# Math Help - removing e,unsure of natural logs

1. ## removing e,unsure of natural logs

(-1/3)ln|1-3y| = -1/x + c

e^(-1/3)ln|1-3y| = e^(-(1/x)+c)

(-1/3)(1-3y) = Ae^-1/x

Do I always have to bring the 1/3 to the front like ln|1-3y|^1/3 before removing the e??
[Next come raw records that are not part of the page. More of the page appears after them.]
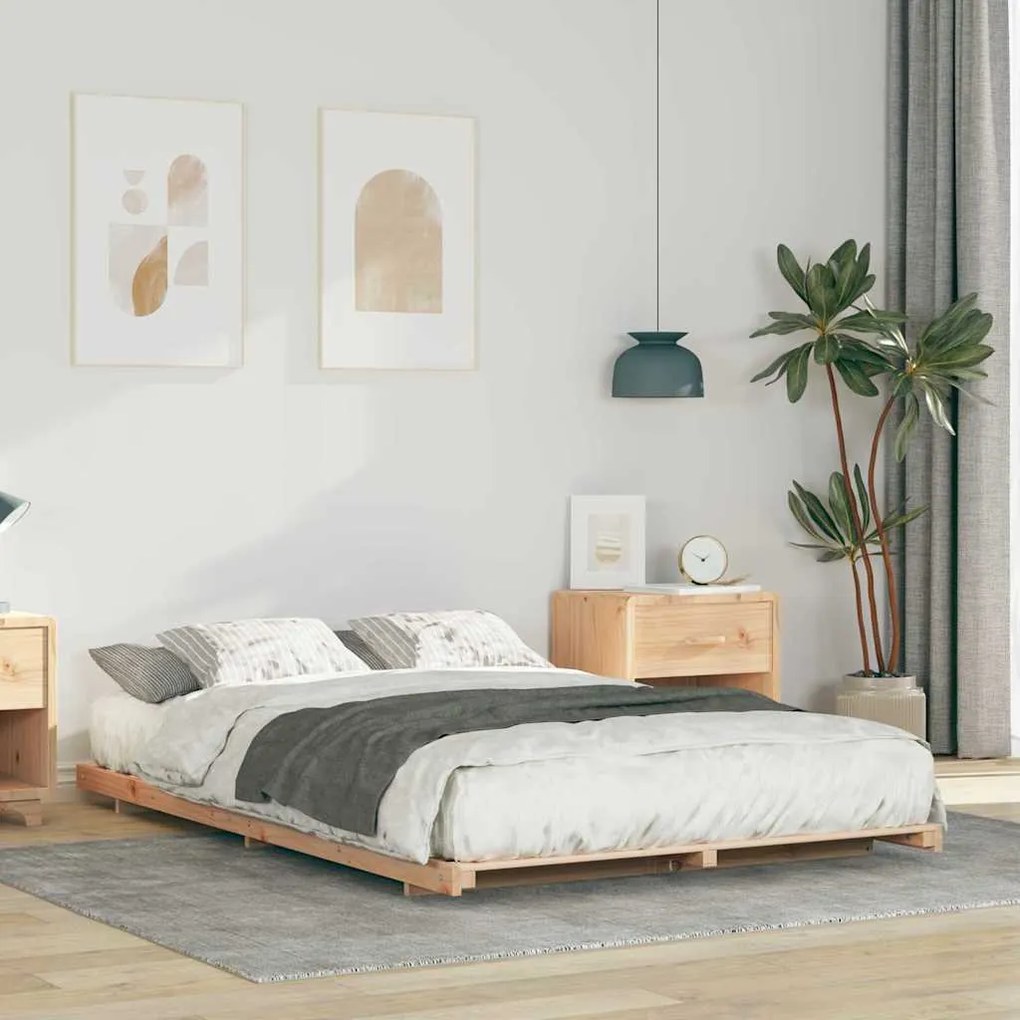vidaXL Cadru de pat de podea Maro 140 x 190 cm Lemn masiv de pin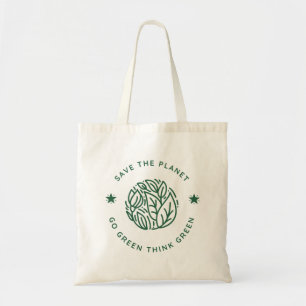 Save the planet go green think green tote bag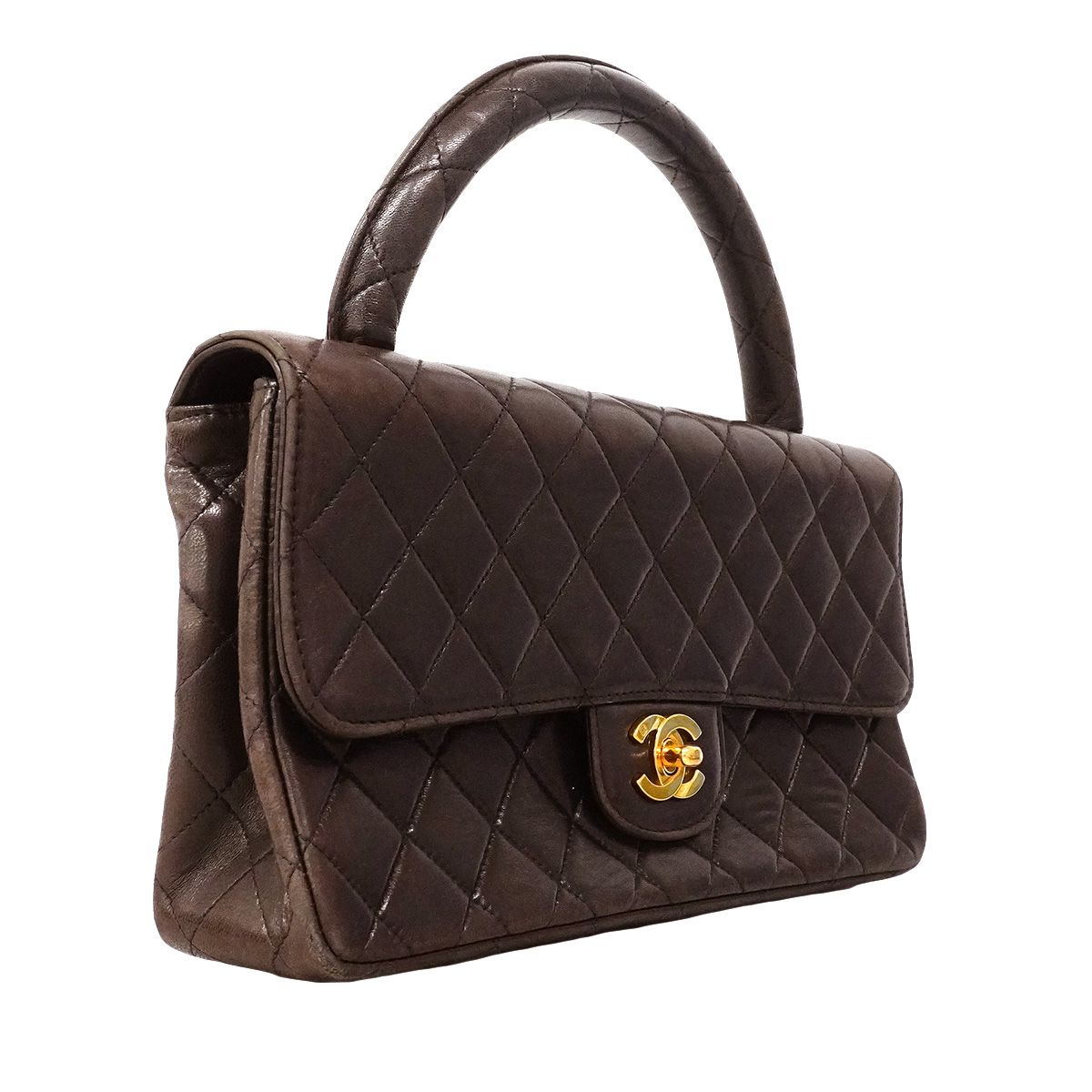 Chanel Handbag Quilted Parent Child Bag Lambskin Black Gold — view 2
btw how do you get the pi symbol above the toolbar for using lateX (dy/dx) etc?

2. Hi
Originally Posted by i_zz_y_ill

(-1/3)ln|1-3y| = -1/x + c

e^(-1/3)ln|1-3y| = e^(-(1/x)+c)
That's right
(-1/3)(1-3y) = Ae^-1/x
That's wrong
Do I always have to bring the 1/3 to the front like ln|1-3y|^1/3 before removing the e??
The 1/3 must remain in the log so that we can simplify : $\exp\left(-\frac{1}{3}\ln |1-3y|\right)
=\exp\left(\ln\left(|1-3y|^{-\frac{1}{3}} \right)\right)
=|1-3y|^{-\frac{1}{3}}=\ldots$
. But, if you know that the definition of $a^b$ is $a^b=\exp(b\ln a)$, there is no need to do this and you can write down the result without any detail.

btw how do you get the pi symbol above the toolbar for using lateX (dy/dx) etc?
Maybe your looking for the symbol ? It's on the right of the toolbar, next to the Youtube icon.